Making the Turnovers
- Base-line a large baking tray with baking paper.
- Roll the pastry into a rectangle (36 x 26 cm about 3 to 5 mm thick) (or two strips 36 x 13).
- Cut it carefully into 6 squares (13 x 13 cm). Use either a very sharp knife or a pizza-cutting wheel for clean lines.
- Divide the cold apple mixture between the squares placing in the centre of each.
- Brush the edges of the pastry squares with beaten egg.
- Fold the pastry over the filling (corner to corner) into a triangle and seal the edges by gently pressing them together.
- Fork crimp the two sealed edges and arrange on the baking tray.
- Chill in the freezer for 10 minutes or in the fridge for 20 mins.
- Preheat the oven to 220 C (425 F).
- Brush the top of the uncooked turnovers with egg wash glaze and cut a small slit in the top of each (to allow steam to escape).

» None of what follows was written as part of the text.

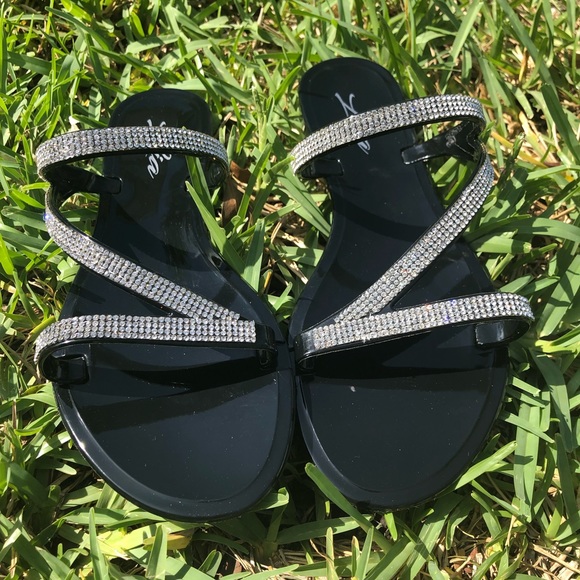 Black Rhinestone accent Sandal **New** - Picture 2 of 2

- Sprinkle liberally with demerara (or granulated) sugar.
- Pop the tray into the oven at 220 C, close the door and bake for 3 mins. Then turn the oven down to 200 C (400 F).
- Bake for a further 15 – 18 minutes until puffed and dark golden.
- Leave on the tray to cool. If eating straight away, be aware the filling is very hot.
To add whipped cream…
- With a whisk, beat together the cream, Mascarpone, icing sugar and vanilla until it holds as medium-soft peaks.
- Transfer to a piping bag fitted with an open star tip nozzle.
- When the Apple Turnovers are completely cold, very carefully cut a slit down the whole of the central pastry seam using a very sharp knife.
- Gently prise open the slit to allow enough of a gap to pipe and fill with a line of cream.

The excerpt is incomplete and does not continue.